Laisse-la moy telle qu’elle est

Et fast la tienne plus belle

 

Pour se rapprocher sans doute de son ami Jean François Regnard (propriétaire du château de Grillon à Dourdan), Paul y fait installer un petit théâtre, aujourd’hui disparu, une grande salle, haute de plafond, qui occupe tout le grand comble du château. Cette salle, dont la charpente a été dissimulée par un plafond voûté, est aménagée pour servir de salle de spectacle. Un recoin sert de vestiaire aux comédiens. En ouvrant une porte, on pénètre dans un couloir qui longe la salle et qui fait œuvre de coulisses, pour déboucher sur la scène. C’est là que les Poisson apprennent leurs rôles et que Regnard, plus d’une fois sans doute, devant des amis, vient essayer lui-même ses pièces sur une scène qui est plus spacieuse et mieux adaptée pour le théâtre que le salon de Grillon.
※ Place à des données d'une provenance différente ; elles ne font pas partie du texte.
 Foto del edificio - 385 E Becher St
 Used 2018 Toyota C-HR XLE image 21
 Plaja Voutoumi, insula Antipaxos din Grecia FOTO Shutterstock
Paul Poisson débute au Théâtre Français en 1686, un an après la retraite de son père, le populaire inventeur des Crispin. Il reprend tous ses rôles et maintient fidèlement l’aspect et les particularités des personnages de Crispin. Il crée les trois Crispin du “Légataire universel”, des “Folies amoureuses” et du “Roi de Cocagne” et se montre supérieur dans les rôles du marquis, “le Joueur”, “le Legs”, dans Turcaret et de Monsieur Jourdain du “Bourgeois Gentilhomme”.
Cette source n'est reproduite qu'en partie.